The feminism many condemn asks us to reject the idea that our worth is earned through obedience. It asks us to question why women are taught to feel guilty for wanting more space, more safety, more pleasure, and more autonomy. The misandrist in me is itching because this is only scratching the surface. This broken system justifies GBV, femicide, pedophilia and despicable acts against women! It says women are objects to be used, abused, controlled, and thrown out. Women are lesser, but only a tad bit valuable when tied to marriage or motherhood, and too stupid to be afforded autonomy over their own bodies.
Becoming difficult to shame is a radical act because it interrupts that cycle.

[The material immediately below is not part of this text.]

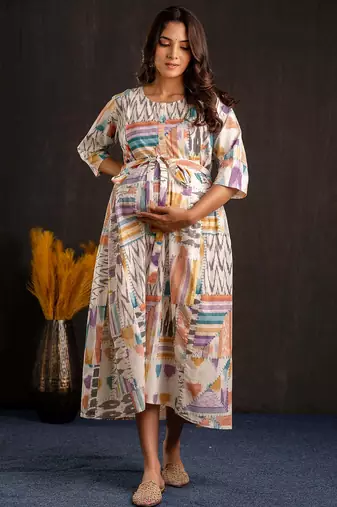 Multicolor cotton printed maternity dress for women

It doesn’t mean you’ll never feel shame again. You will. It’s deeply conditioned. But you’ll start to recognize it faster. You’ll notice how often it shows up right before you advocate for yourself. Right before you rest. Right before you say no. Right before you take up space.
And instead of obeying it, you’ll get curious.
Who taught me to feel this way?
Who benefits if I stay quiet?
What would happen if I didn’t shrink right now?
The truth is, a woman who is difficult to shame is hard to control. She’s less likely to tolerate disrespect and to confuse self-sacrifice with virtue. She is less likely to hand over her power just to keep the peace.
She still cares. She just cares differently.
So yes, be thoughtful. Be accountable. Be reflective. But also be suspicious of shame that arrives the moment you step into your own authority.
You are not wrong for wanting more.
You are not broken for resisting smallness.
You are not ungrateful for questioning systems that exhaust you.
Become very difficult to shame.
You are done carrying burdens that were never meant to be yours.
In the famous words of Gisèle Pelicot, “shame must change sides.”